(Source data)
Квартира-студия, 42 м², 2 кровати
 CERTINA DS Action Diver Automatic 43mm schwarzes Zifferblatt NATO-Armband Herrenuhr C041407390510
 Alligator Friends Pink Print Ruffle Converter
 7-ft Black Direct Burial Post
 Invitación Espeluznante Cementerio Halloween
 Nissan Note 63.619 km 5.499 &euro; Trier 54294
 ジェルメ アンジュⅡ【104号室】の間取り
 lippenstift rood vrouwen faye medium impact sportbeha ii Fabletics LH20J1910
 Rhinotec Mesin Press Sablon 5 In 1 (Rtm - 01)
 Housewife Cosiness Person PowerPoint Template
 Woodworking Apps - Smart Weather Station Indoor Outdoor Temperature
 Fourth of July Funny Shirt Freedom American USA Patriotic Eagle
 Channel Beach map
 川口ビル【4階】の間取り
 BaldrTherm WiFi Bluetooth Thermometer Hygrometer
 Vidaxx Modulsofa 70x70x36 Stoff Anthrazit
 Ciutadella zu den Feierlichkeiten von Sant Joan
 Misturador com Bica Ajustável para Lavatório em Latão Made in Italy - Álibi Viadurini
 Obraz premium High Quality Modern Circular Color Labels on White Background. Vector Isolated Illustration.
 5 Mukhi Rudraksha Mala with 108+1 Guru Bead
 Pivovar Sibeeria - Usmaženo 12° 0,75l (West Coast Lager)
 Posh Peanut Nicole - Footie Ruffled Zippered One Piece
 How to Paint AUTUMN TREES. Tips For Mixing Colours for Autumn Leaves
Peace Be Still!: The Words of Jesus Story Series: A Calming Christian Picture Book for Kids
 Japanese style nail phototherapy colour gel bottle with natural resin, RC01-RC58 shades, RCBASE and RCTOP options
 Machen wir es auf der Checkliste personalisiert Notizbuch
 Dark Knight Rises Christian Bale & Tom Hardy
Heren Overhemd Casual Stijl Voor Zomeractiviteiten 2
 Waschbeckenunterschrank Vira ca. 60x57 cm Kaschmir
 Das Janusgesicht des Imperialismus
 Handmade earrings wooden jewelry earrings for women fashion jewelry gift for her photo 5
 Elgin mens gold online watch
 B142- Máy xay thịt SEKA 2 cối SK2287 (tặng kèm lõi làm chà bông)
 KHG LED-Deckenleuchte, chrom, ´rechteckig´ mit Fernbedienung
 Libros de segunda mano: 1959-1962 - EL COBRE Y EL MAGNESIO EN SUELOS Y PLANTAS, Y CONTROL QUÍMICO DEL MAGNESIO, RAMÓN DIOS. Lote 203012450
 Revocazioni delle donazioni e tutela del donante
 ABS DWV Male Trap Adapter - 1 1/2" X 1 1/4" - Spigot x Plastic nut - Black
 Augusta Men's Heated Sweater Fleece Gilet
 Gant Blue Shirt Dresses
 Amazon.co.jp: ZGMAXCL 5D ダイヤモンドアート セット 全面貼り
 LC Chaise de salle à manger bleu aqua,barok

• [Work request] Print the lines above from the one with "Nissan Note 63.619" through the one with "KHG LED-Deckenleuchte, chrom, ´rechteckig´", both included, exactly as written and nothing more.

• [Written solution]
 Nissan Note 63.619 km 5.499 &euro; Trier 54294
 ジェルメ アンジュⅡ【104号室】の間取り
 lippenstift rood vrouwen faye medium impact sportbeha ii Fabletics LH20J1910
 Rhinotec Mesin Press Sablon 5 In 1 (Rtm - 01)
 Housewife Cosiness Person PowerPoint Template
 Woodworking Apps - Smart Weather Station Indoor Outdoor Temperature
 Fourth of July Funny Shirt Freedom American USA Patriotic Eagle
 Channel Beach map
 川口ビル【4階】の間取り
 BaldrTherm WiFi Bluetooth Thermometer Hygrometer
 Vidaxx Modulsofa 70x70x36 Stoff Anthrazit
 Ciutadella zu den Feierlichkeiten von Sant Joan
 Misturador com Bica Ajustável para Lavatório em Latão Made in Italy - Álibi Viadurini
 Obraz premium High Quality Modern Circular Color Labels on White Background. Vector Isolated Illustration.
 5 Mukhi Rudraksha Mala with 108+1 Guru Bead
 Pivovar Sibeeria - Usmaženo 12° 0,75l (West Coast Lager)
 Posh Peanut Nicole - Footie Ruffled Zippered One Piece
 How to Paint AUTUMN TREES. Tips For Mixing Colours for Autumn Leaves
Peace Be Still!: The Words of Jesus Story Series: A Calming Christian Picture Book for Kids
 Japanese style nail phototherapy colour gel bottle with natural resin, RC01-RC58 shades, RCBASE and RCTOP options
 Machen wir es auf der Checkliste personalisiert Notizbuch
 Dark Knight Rises Christian Bale & Tom Hardy
Heren Overhemd Casual Stijl Voor Zomeractiviteiten 2
 Waschbeckenunterschrank Vira ca. 60x57 cm Kaschmir
 Das Janusgesicht des Imperialismus
 Handmade earrings wooden jewelry earrings for women fashion jewelry gift for her photo 5
 Elgin mens gold online watch
 B142- Máy xay thịt SEKA 2 cối SK2287 (tặng kèm lõi làm chà bông)
 KHG LED-Deckenleuchte, chrom, ´rechteckig´ mit Fernbedienung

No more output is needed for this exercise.